Michelangelo’s The Last Judgment, completed between 1536 and 1541 on the altar wall of the Sistine Chapel, stands as one of the most ambitious and unsettling masterpieces of the Renaissance. Painted when the artist was nearly 67, the fresco marks a dramatic shift from the clarity and balance of his earlier ceiling work toward a more turbulent, emotionally charged vision of humanity’s final reckoning.
Unlike traditional depictions that separate heaven and earth into orderly registers, Michelangelo creates a single, swirling vortex of bodies. More than 300 figures—saints, angels, the saved, and the damned—are caught in a vast circular motion radiating from the commanding figure of Christ. His raised arm signals the moment before the divine verdict is spoken, a gesture that both summons and restrains the chaos around him.

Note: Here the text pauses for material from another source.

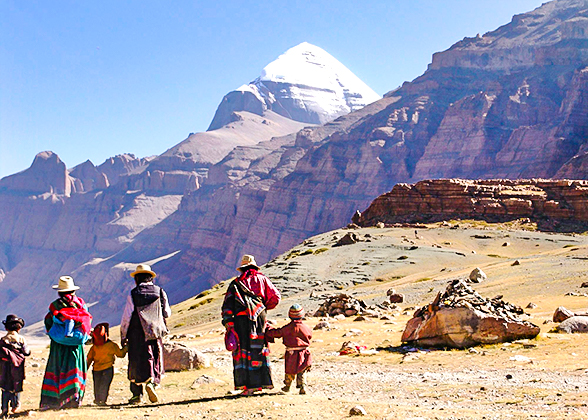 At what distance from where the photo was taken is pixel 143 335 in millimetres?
10711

Beside Christ, the Virgin Mary turns her head in quiet resignation, no longer interceding but awaiting the outcome with the rest of humanity. Around them cluster saints identifiable by their attributes:
St. Peter with his keys
St. Bartholomew holding his flayed skin—often read as Michelangelo’s self‑portrait
St. Catherine of Alexandria with her wheel
St. Sebastian with his arrows
The lower half of the fresco stages the drama of resurrection and damnation. On the left, the saved rise with the help of angels, reclaiming their bodies as they ascend. On the right, demons drag the condemned downward in a violent struggle. At the very bottom, Michelangelo borrows imagery from Dante’s Inferno: Charon ferries the damned across the river, while Minos—coiled by a serpent—awaits them as judge.

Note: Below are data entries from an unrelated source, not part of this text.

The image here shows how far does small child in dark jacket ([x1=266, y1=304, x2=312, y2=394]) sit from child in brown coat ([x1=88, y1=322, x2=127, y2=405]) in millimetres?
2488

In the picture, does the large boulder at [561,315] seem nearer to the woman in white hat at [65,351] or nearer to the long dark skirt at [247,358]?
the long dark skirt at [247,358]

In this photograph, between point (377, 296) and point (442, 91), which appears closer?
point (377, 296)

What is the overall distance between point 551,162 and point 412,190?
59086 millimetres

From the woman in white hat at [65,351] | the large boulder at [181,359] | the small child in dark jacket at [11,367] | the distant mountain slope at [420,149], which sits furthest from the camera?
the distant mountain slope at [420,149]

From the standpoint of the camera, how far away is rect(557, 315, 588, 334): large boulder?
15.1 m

The fresco’s palette is more restrained than the ceiling’s, dominated by flesh tones and sky. Yet restoration revealed flashes of orange, green, yellow, and blue that animate the composition. The muscular bodies—Michelangelo’s signature—are rendered with sculptural intensity, their twisting forms amplifying the sense of agitation and existential dread.

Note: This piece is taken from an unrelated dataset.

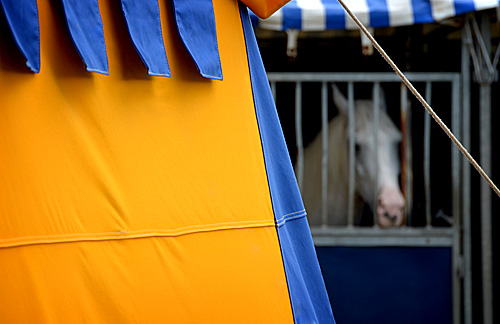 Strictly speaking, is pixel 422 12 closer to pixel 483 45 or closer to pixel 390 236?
pixel 483 45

From the moment it was unveiled in 1541, The Last Judgment provoked both admiration and outrage. Critics objected to the abundance of nude figures in a papal chapel. Biagio da Cesena, the papal master of ceremonies, famously declared it more suited to “stoves and taverns” than a sacred space. In response, the Council of Trent ordered many of the nudes to be covered, a task carried out by Daniele da Volterra—earning him the nickname Il Braghettone, “the breeches-maker.”
Today, The Last Judgment is recognized as one of Michelangelo’s greatest achievements: a monumental meditation on human vulnerability, divine justice, and the tension between salvation and despair. Its emotional intensity, anatomical daring, and theological ambition continue to challenge and fascinate viewers nearly five centuries later.